I’m in Victoria, British Columbia this week attending the Digital Humanities Summer Institute! It’s been fun, disorienting, interesting, and challenging.
What is digital humanities and why am I here? In my understanding, which is still limited at this point, the digital humanities is simply all iterations of digital-aided scholarship in humanities where the digital takes a front-seat role–it could be textual analysis such as digitally comparing large chunks of text to a corpus (big body or collection, like thousands of books or newspaper articles) to find unusual/significant words or phrases in, say, Jane Eyre as compared to a bunch of other Victorian novels; it could be displaying the results of analysis in a visualization–basically a pretty graph-like image which is both aesthetically pleasing and says something about the text, like how long sentences are in different parts of a book. There are also people here who are learning how to make “enhanced reality” applications, so, for instance, your smart phone could guide you as you literally walk along the route of Leopold Bloom in Dublin and chunks of the story, pictures, and quotations could come up on your phone as you walk the route. Others here (there are around 400 people here!) are discussing how to build in digital components into the humanities classroom, like blogging or more complex things like having students build digital projects. Still others are getting into the nitty-gritty of building digital humanities tools which compare, compile, collaborate, or visualize stuff.

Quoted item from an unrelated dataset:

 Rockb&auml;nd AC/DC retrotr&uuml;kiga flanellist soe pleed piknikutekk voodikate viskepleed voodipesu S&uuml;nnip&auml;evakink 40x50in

So what how does my plagiarism study have to do with this? The finding part! Up to now, I’ve been relying on the scholarship of others like Paul Saint Amour, and my own two eyes to find plagiarism and repetition/self-plagiarism in Oscar Wilde’s passages. Some of the exact passages were pointed out in others’ work, but not entirely clearly, so I’ve done some “by-hand” Google searching to find the exact passages Wilde took from other sources like William Jones’ The History of Precious Stones. But, I thought: Wouldn’t it be cool to find plagiarism no one else has found? It is so much easier to find student plagiarism with the help of tools like Turnitin.com, which basically “Googles” every word-chunk against the web, scholarly journals, and its own student papers database. Can I “turn in” literary authors?
I tried to use Turnitin.com with Wilde’s work, but came up with the expected result: Wilde’s work is 100% “plagiarized”—because it is all republished in some form on the web. What I really want to compare is Wilde’s work (or any single author’s) against a whole digital library like Google Books to search for chunks of similarities, excluding collections of Wilde’s work as well as the rest of the web. So, that’s what I’m trying to do here—find a more effective digital tool to find literary plagiarism.
What I’ve learned so far:
There may not be such a tool in existence. …one of the common complaints of software like Turnitin.com, or even free tools like Dustball or Advanced Plagiarism Checker or Grammarly is that they do not use Google Books. Why not? Two reasons, I think: 1. Google Books is so darn big that it would take a really long time to search using n-grams, or basically chunks of text. And 2. Google puts a 1,000 searches limit on this. So, that’s where I’m stuck at the moment.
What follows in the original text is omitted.